Paying a price for being beautiful

A series of instances of killing of peacocks have been reported. After repeated instances of such killings in Bundi district in April, 23 more were found dead in Bhilwara and Ajmer last month, where poachers used the poison-laced grain as bait.

Wildlife activists and environmentalists attribute this mass killing for its meat and attractive feathers. "People from some nomadic tribes kill them as they believe that peacock meat has extraordinary medicinal powers," said a forest official.

    Farmers also poison the birds when they venture in to their lands.
But, peacocks are generally killed for their beautiful feathers. State coordinator of the Peoples for Animal, Babu Lal Jaju said many people trade in peacock feathers as it is used to make wide range of decorative articles, of which there is a flourishing cottage industry in Agra. "Besides, the feathers are also sold at many tourist destinations and have a huge demand in other countries leading to smuggling of the feathers," he added.

  The Wildlife Protection Act 1972 prohibits killing of peacocks and export of tail feathers or articles made of them. But the Act allows domestic trade in feathers or articles under the assumption that these are naturally shed. “Here is the catch,” he said. 

It has been brought to the ministry's notice that the demand for feathers is more than its supply, leading to rampant poaching of the bird.

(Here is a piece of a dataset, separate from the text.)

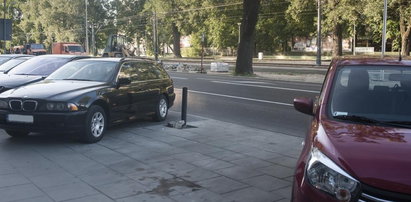 Zamiast stawiać słupki budujcie parkingi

According to sources, the Ministry of Environment and Forests is in the process of banning the trade of peacock feathers by proposing to amend Sections 43(3) (a) and 44 of the Act, which relate to the transfer and sale of the tail feathers of peacocks. This will prevent illegal trapping and killing of the national bird for their feathers.

Over the years, as human habitation expanded in the countryside, peacock sighting has become a rarity in most villages. While no peacock census has been held in India to assess their numbers, a scientific survey by the Wildlife Institute of India, Dehradun, has confirmed that visibility of the bird has sharply declined in India.